I talk a lot! That’s a fact. If somebody asks my friends or my colleagues about me, they never say, “He is a shy, silent employee who only minds his own business”; because it’s not me. I go to people and say Hi and start conversations with them. In work meetings, even though I try not to speak so much which always puts me in trouble, I participate in almost every conversation as it is my duty to solve every single problem at my workplace!
But, it doesn’t mean that I tell people what I should, about my feelings and what is going on in my heart about what they do to me. That’s the problem. I easily laugh, and I make others laugh too, but when it comes to sadness and anger, there’s a big lock on my mouth.

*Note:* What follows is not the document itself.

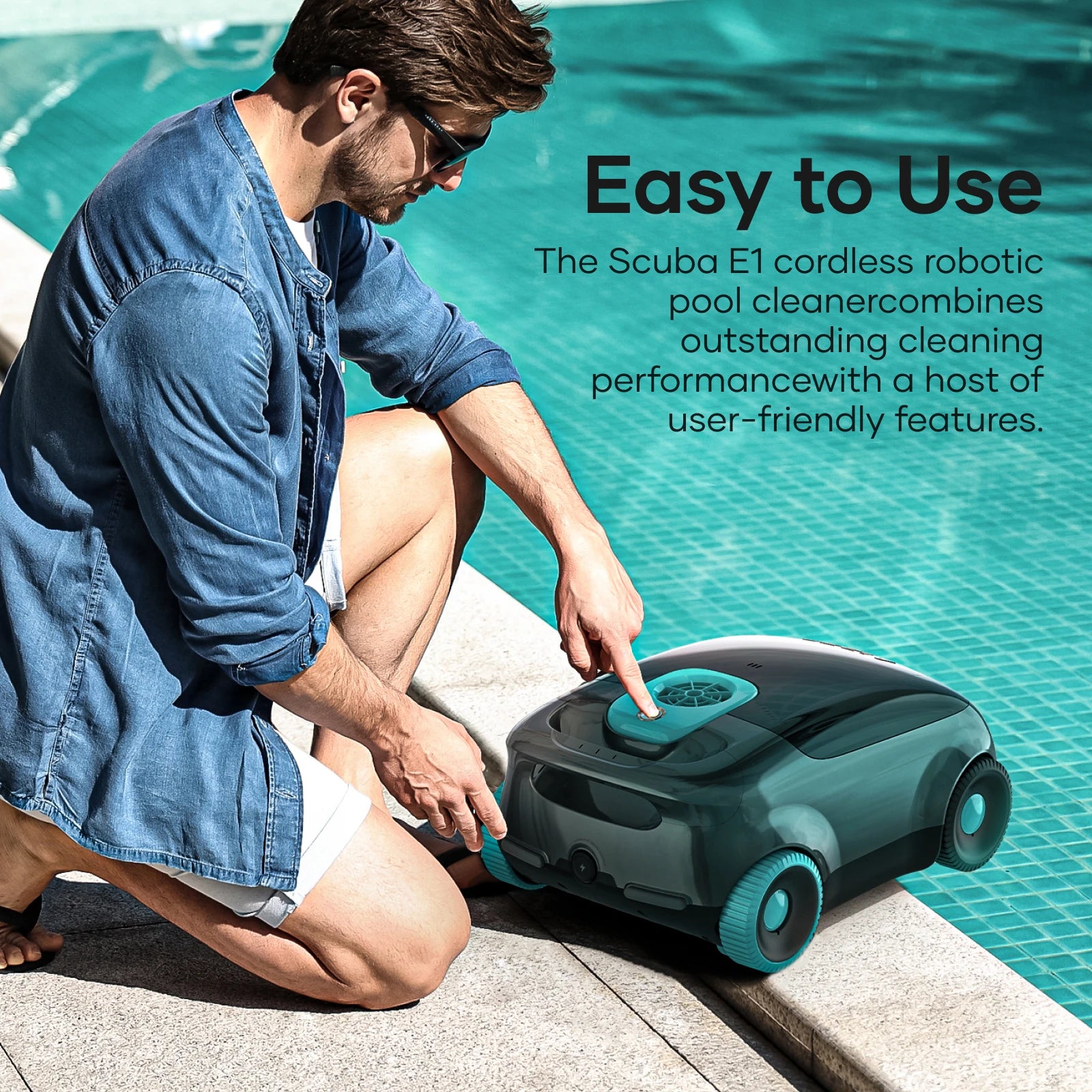Aiper SCUBA E1 Cordless Robotic Pool Cleaner - Automatic Swimming Pool Vacuum for Inground & Above Ground Pools - Ideal for Home, Vacation Houses & Commercial Use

Long time ago, I was mad at a friend, and I didn’t tell her. Then, I talked about that with some of our mutual friends to relieve myself from the suffer I was through. She was also hurt because she’d got some bad re-actions from the ones to whom I had talked. And for maybe two years we didn’t talked about it.
Today, we finally talked and told each other how we felt about the problem and how we was hurt by each other back then. It wasn’t easy to express all those feelings, but after we did, it was all gone. Just like that!
And now… I wish we’ve done that long time ago. It could’ve been much easier the first day, but I made a mistake, which cost me two years of sadness about what my friend had done to me, and two years of anger in my friend’s heart about what I had done in return.
I hope I can learn my lesson this time!